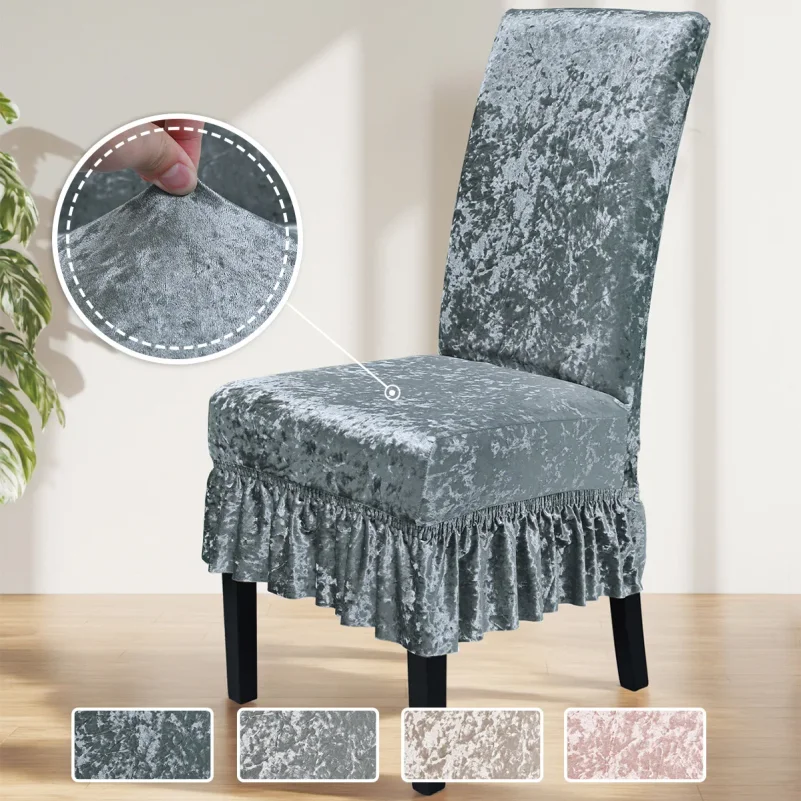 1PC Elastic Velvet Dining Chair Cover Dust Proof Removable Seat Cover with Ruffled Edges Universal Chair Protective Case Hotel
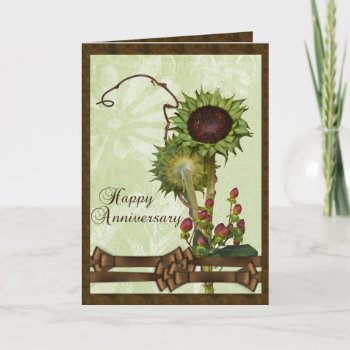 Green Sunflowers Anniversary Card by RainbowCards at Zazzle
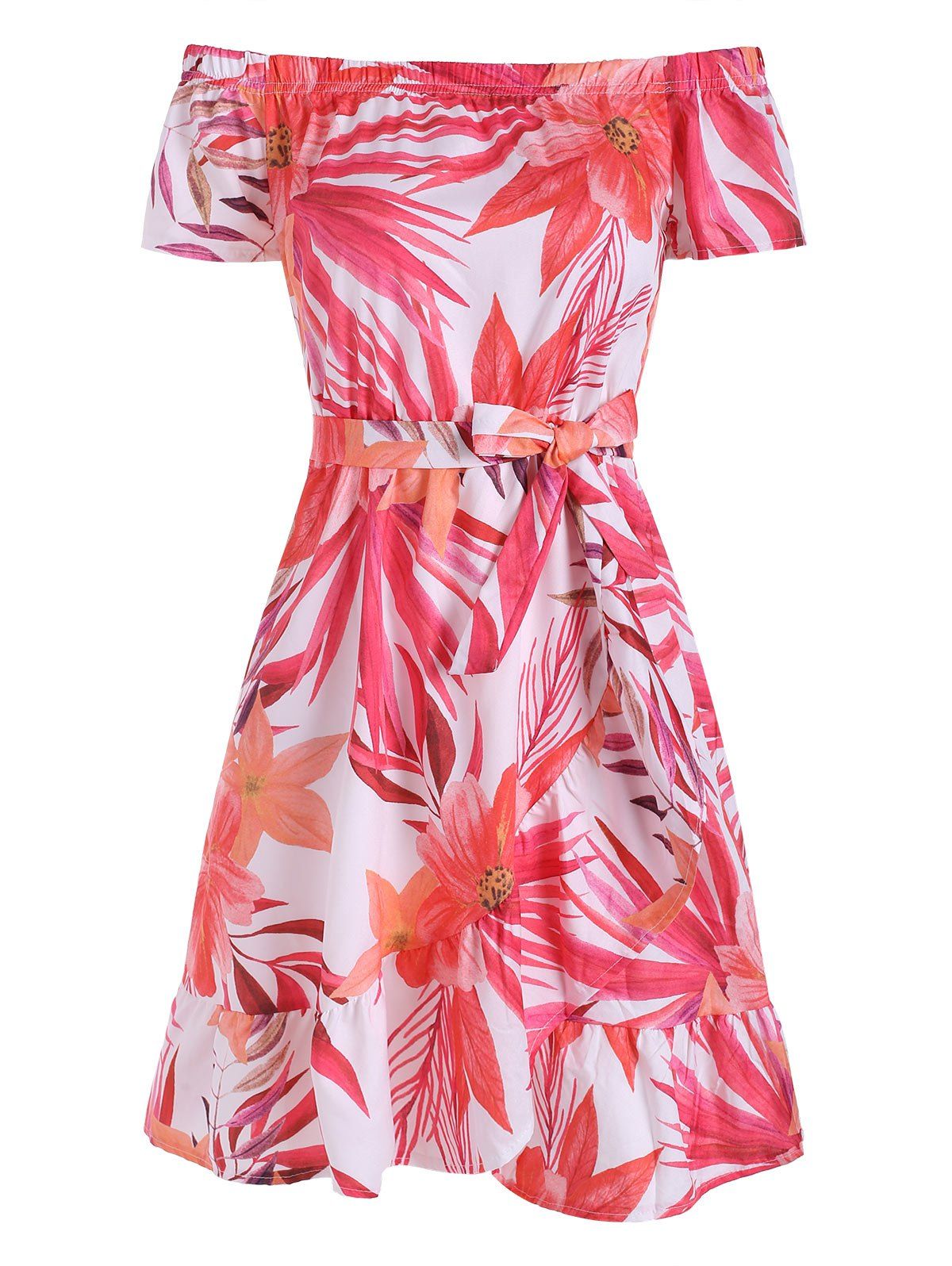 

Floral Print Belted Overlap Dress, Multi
--
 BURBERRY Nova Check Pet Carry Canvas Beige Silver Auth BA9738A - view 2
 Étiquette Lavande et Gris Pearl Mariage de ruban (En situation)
---
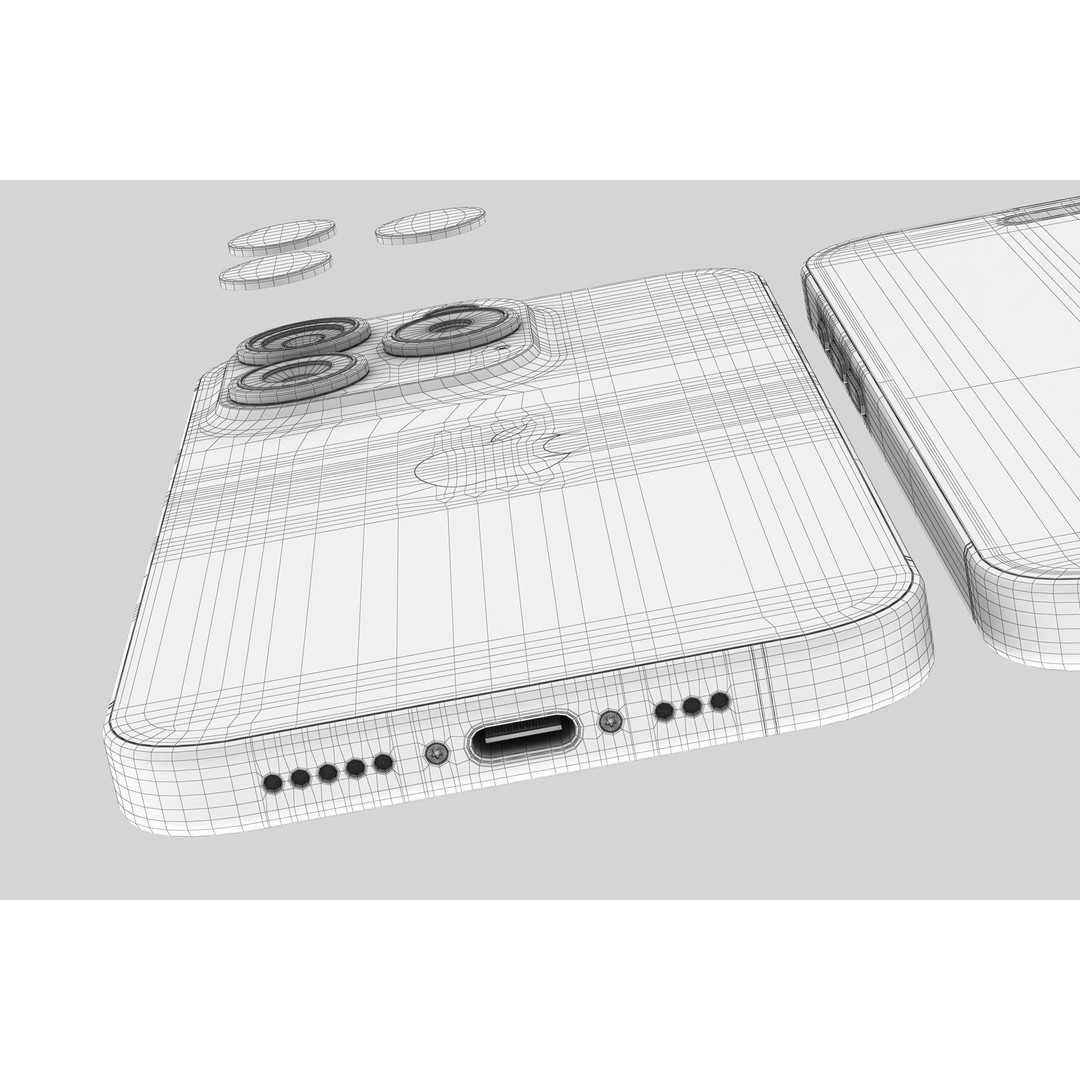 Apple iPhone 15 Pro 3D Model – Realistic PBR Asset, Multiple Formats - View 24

▶ _THE PROBLEM_: Drop the pictures; return the lines above from the line containing "Green Sunflowers Anniversary" to the line containing "Floral Print Belted Overlap Dress, Multi", both included, exactly.

▶ _WRITTEN RESPONSE_:
 Green Sunflowers Anniversary Card by RainbowCards at Zazzle

Floral Print Belted Overlap Dress, Multi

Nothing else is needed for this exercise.